Sainsbury’s festive sales slip as demand for toys and games falls | Business News


Sainsbury’s has reported a fall in sales over the Christmas quarter as lower demand for toys and games offset the popularity of festive party food and a sell-out range of novelty jumpers.

The supermarket group, which also includes retailer Argos, said like-for-like sales for the 15 weeks to 4 January were down 0.7% on the same period last year.

Its Christmas trading update comes a day after industry data showed customers tightening their belts over the festive period, with supermarket sales growing at the slowest pace since 2015 in retail’s so-called “golden quarter”.

Sainsbury’s third quarter sales figure was its fifth decline in a row and worse than the 0.2% downturn seen in the second quarter.

The company said: “Retail markets remain highly competitive and promotional and the consumer outlook continues to be uncertain.”

Sainsbury’s said that total grocery sales for the period rose 0.4%, helped by £9 turkey crowns and Christmas party food as well as greater demand for its premium “taste the difference” products.

Sainsbury’s chief executive Mike Coupe’s strategy has been under the spotlight

Reflecting the tough competition in the sector, it also said it was cutting the price on popular products during January including apples, mangoes and avocados.
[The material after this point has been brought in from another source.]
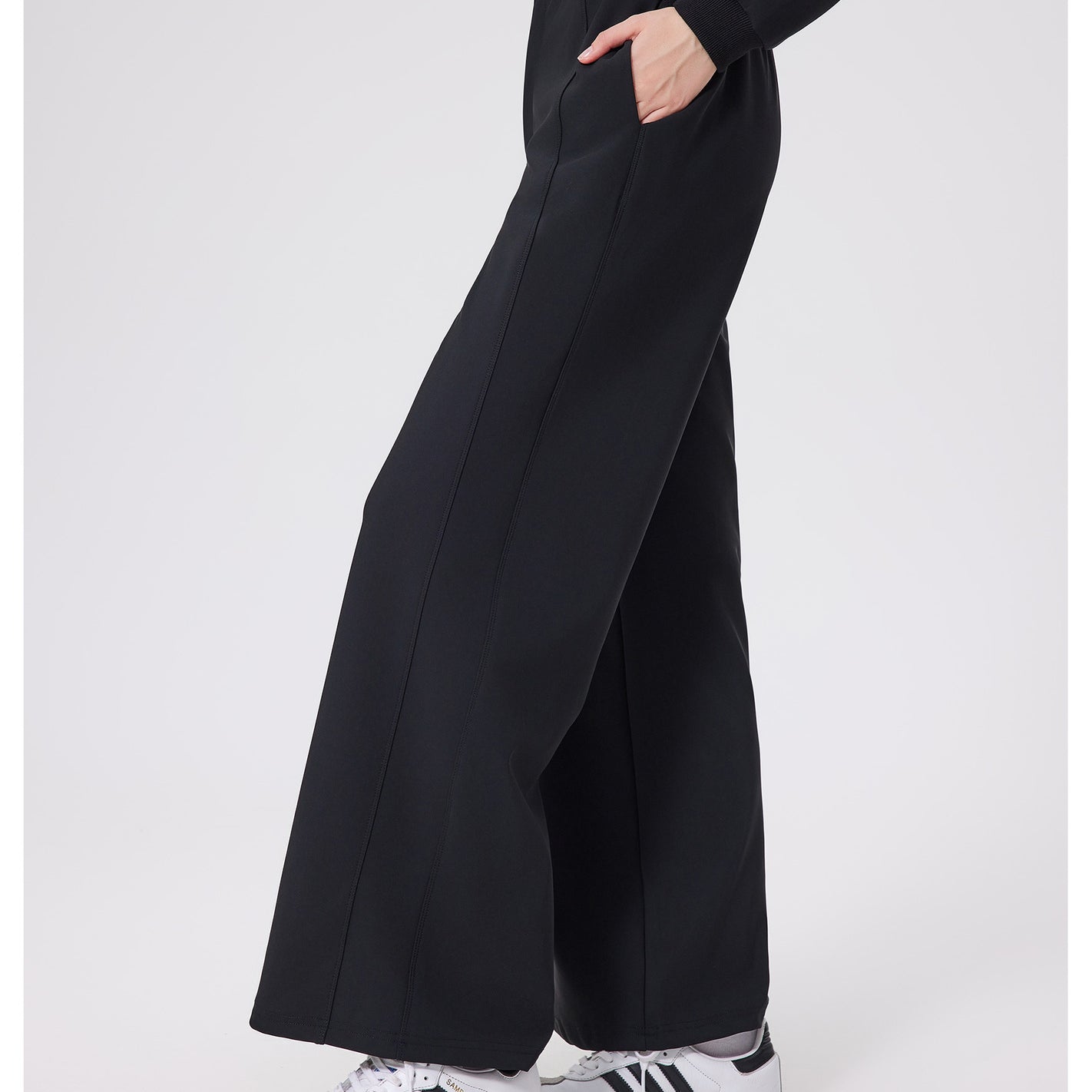 Black loose fitness warm pants with white Adidas sneakers and gold zipper detail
There was a mixed picture for its non-food offerings over the festive period.

Argos had its biggest Black Friday to date but over the whole quarter general merchandise sales were down by 3.9%.

However Sainsbury’s clothing sales grew by 4.4%, with womenswear including novelty Christmas jumpers proving particularly popular.

Chief executive Mike Coupe said: “The colder weather helped to deliver strong clothing sales in the quarter and our Christmas party and gifting ranges were all popular with customers.

“Argos outperformed the market in consumer electronics, but the toy and gaming markets declined year on year.”

Mr Coupe’s strategy has been under the spotlight after its planned merger with Argos was blocked by competition regulators.

Sainsbury’s, like its “big four” supermarket rivals Tesco, Asda and Morrisons, has been continuing to lose ground to discount rivals Aldi and Lidl.

But delivering the Christmas update, Mr Coupe insisted there was a “real sense of momentum” about the business with investment in stores and improvements to service and availability.